I have a top bar hive I've been "keeping" for three years. Its never been very good at making honey but has always been good at throwing swarms. (I know its because I'm not managing it properly but like most homesteaders I have MANY other projects). I have a an old Langstoth hive body that scrapiron sold me last spring. I have tried several times to rehome a swarm in it but they always take off the next day. Anywho.....

Two weeks ago a good sized swarm appears. I get it in the box. Next day its on a tree. I put it back in the box and try to close down the entrance with some screen. Next day, gone. Ohh well.

4 days ago another swarm appears. This time I staple screen all around entrance (make it bee tight). Get the swarm in the box left them in there 2 days (feeding them through a small hole). They stuck around. YAY!

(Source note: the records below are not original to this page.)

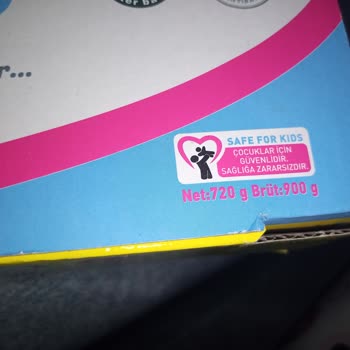 I Found Sharp Glass Pieces in My Child’s Play-Doh Blue Compound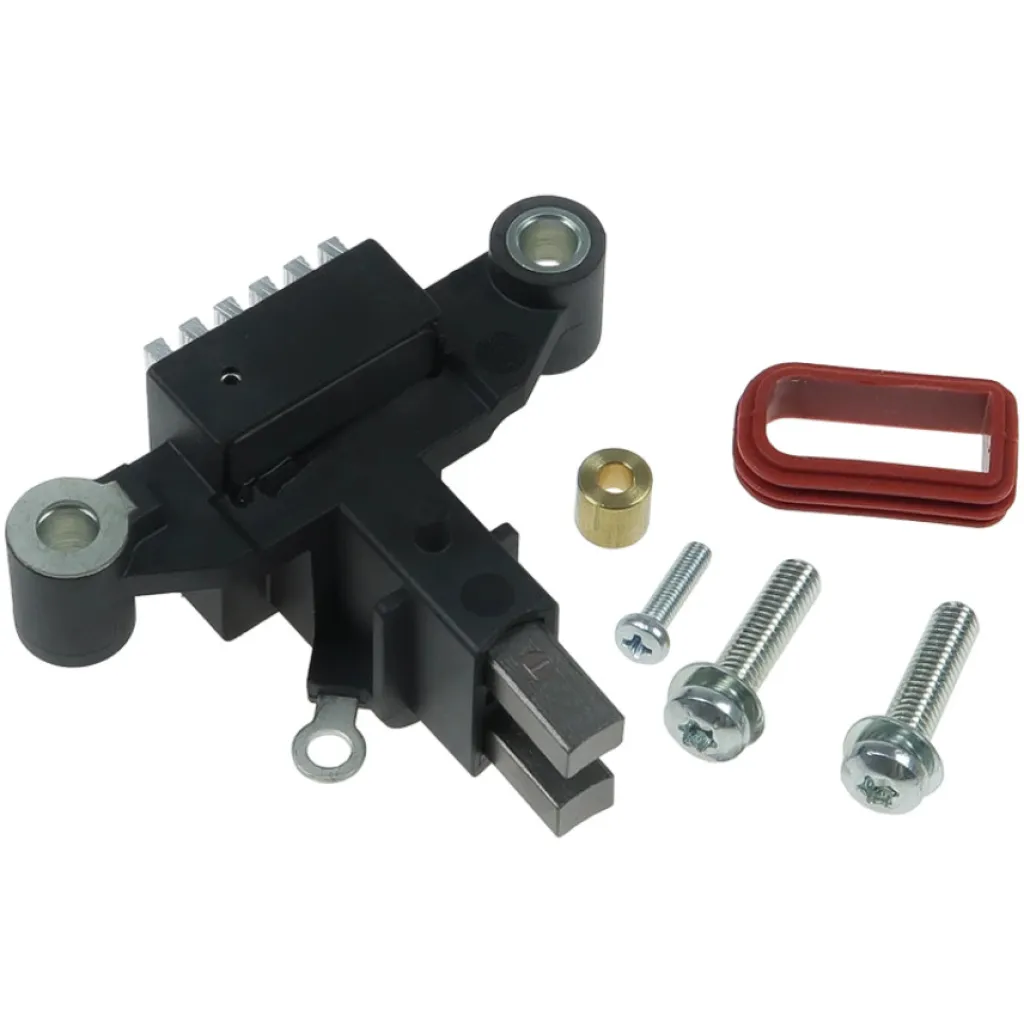 Regulator, original Mahle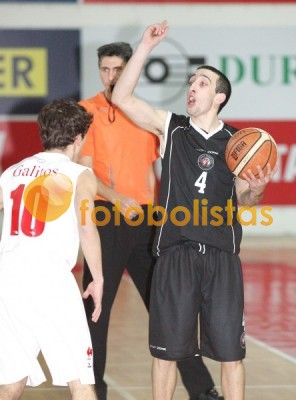 Ovarense-Galitos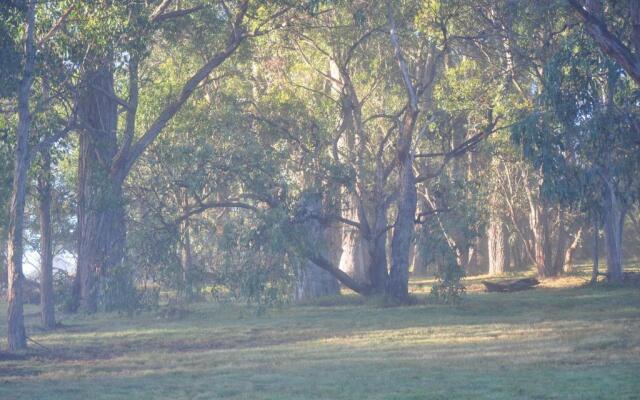 Tallawarra Homestead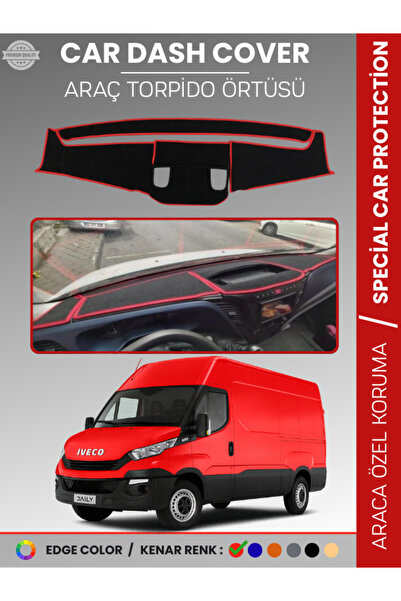 e-biz غطاء لوحة التروس لسيارة IVECO DAILY (2014-2019) - حماية لوحة التروس - م...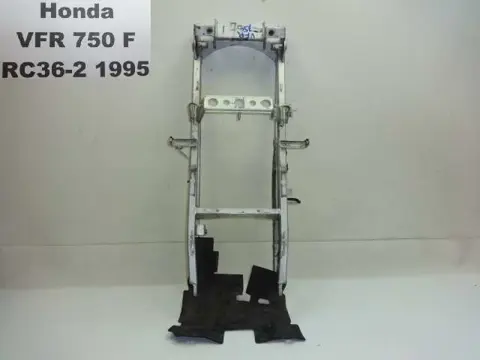 ACHTER SUBFRAME Honda VFR 750 1994 - 1997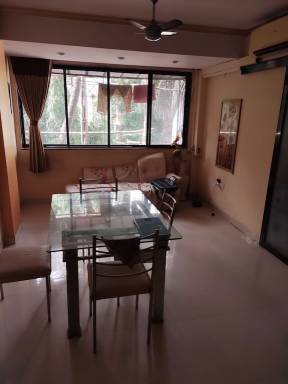 Apartment Wing-C
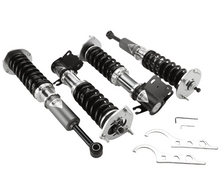Load image into Gallery viewer, Silver's NEOMAX Coilover Kit Porsche Cayenne 955/957 2003-2010 - Black Ops Auto Works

One day after this swarm appears I have TWO MORE SWARMS. I check my old hive and new hive. Plenty of bees in both. That's 4 swarms in 2 weeks. Whats going on? How often can a hive swarm? Am I just lucky and my property is some kind of swarm magnet?

PS local beekeeper friend got the last two swarms. I haven't heard if they stuck around.


----------



## homemaid (Apr 26, 2011)

they say a swarm will usually go to where there was a swarm before they can smell it. You are one lucky guy to get all those free bees.. I would like to just get a few free ones..Good luck. Try rubbing lemongrass oil on QTIP onto the bottom board near a back corner before putting you bees in the hive. Sometimes they dont like the smell of the box or wood.. The lemongrass oil they like and it may help keep them in there.


----------



## TxGypsy (Nov 23, 2006)

Yes, 1 hive can throw several swarms. Of course all the swarms that issue after the primary swarm have virgin queens.


----------



## mooman (May 19, 2008)

Next question. Do I feed them? I know some people fear that it sets off robbing ( original hive is about thirty yards away). I have an entrance feeder and 1:1 syrup all ready to go.


----------



## TxGypsy (Nov 23, 2006)

I do not recommend entrance feeders. Those do promote robbing. I wish they would quit including those things in beginners kits. 

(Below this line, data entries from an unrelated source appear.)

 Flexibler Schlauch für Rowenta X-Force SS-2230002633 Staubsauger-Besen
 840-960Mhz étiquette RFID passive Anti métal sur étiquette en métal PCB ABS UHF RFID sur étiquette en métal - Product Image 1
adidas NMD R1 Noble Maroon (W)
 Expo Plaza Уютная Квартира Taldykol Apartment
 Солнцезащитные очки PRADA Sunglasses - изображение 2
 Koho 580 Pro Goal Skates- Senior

Use a top feeder or make a feeding station. I feel that a feeding station is more natural for the bees as they have to leave the hive and go 'gather' their food.


----------



## alleyyooper (Apr 22, 2005)

I mostly use gallon jar feeders I get free from a couple local pizza joints. I drill 1/16" holes in two rows that will fit over the inter cover hole. Once in place I add a empty deep around it and add the outer cover.



I also some times use a plastic two gallon pail I get from donut shop for free with the same 1/16" holes I set on the inter cover but mostly set on the top bars due to the inter cover bowing under weight of 2 gallons of syrup. I also have some home made top feeders with floats that hold just over a gallon of syrup. They are easy to refill from a 5 gallon pail of syrup.

 Al


----------